▶ **Description of the task**: A faithful copy of all the data is required; pictures should not be included.

START Available data

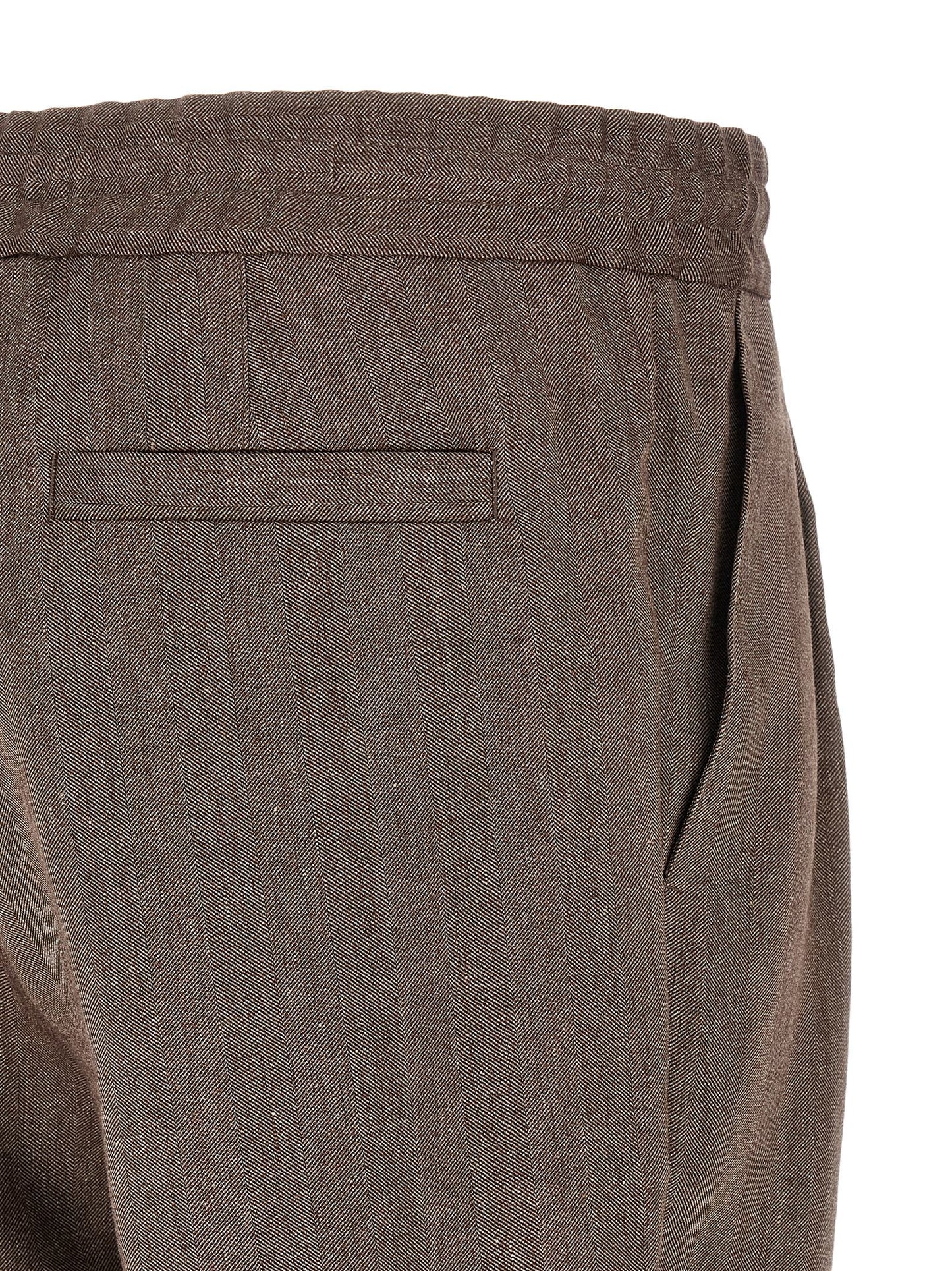 Brown Linen Bermuda Shorts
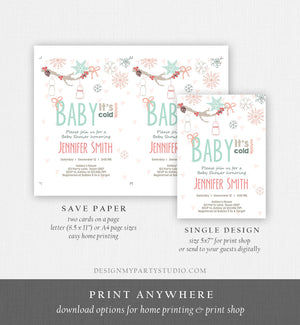 Editable Baby Its Cold Outside Invitation Winter Baby Shower Invite Gender Neutral Snowflakes Mason Jars Pink Template Download Corjl 0054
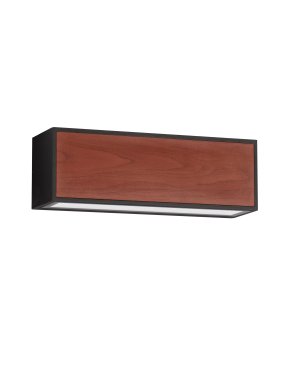 Nova Luce Brown - buiten wandverlichting op zonne-energie - 25,8 x 8,6 x 8,6 cm - 2W LED incl. - IP65 - zandzwart en hout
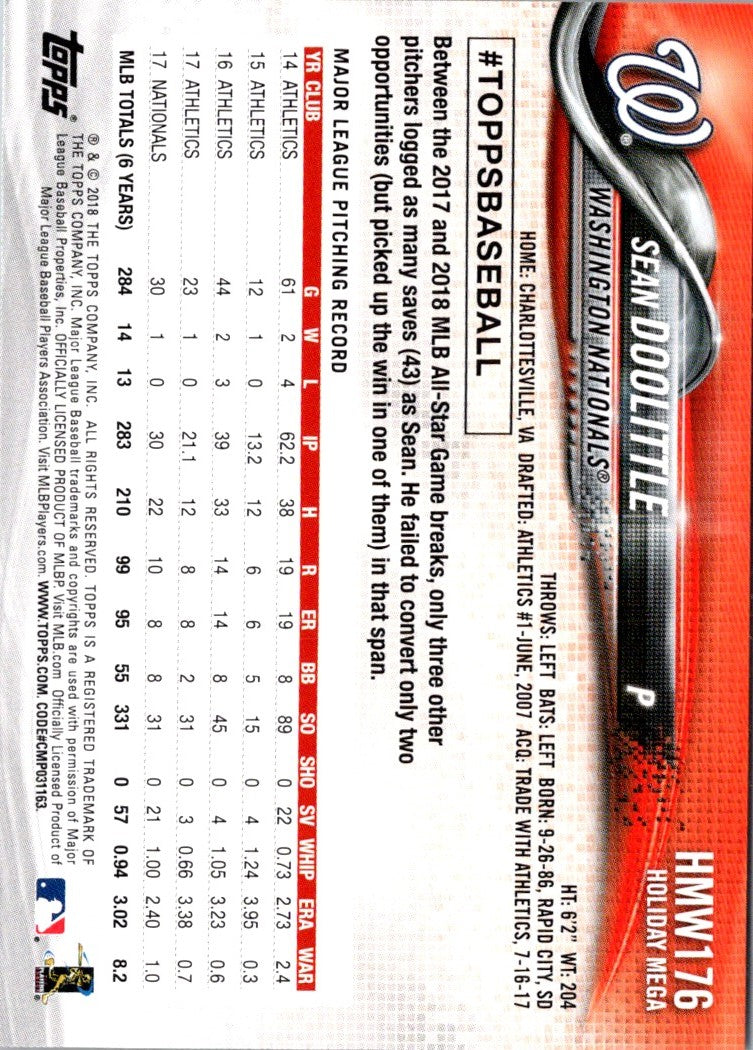 2018 Topps Holiday Sean Doolittle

END Available data

▶ **Exercise output**:
 Brown Linen Bermuda Shorts
 Editable Baby Its Cold Outside Invitation Winter Baby Shower Invite Gender Neutral Snowflakes Mason Jars Pink Template Download Corjl 0054
 Nova Luce Brown - buiten wandverlichting op zonne-energie - 25,8 x 8,6 x 8,6 cm - 2W LED incl. - IP65 - zandzwart en hout
 2018 Topps Holiday Sean Doolittle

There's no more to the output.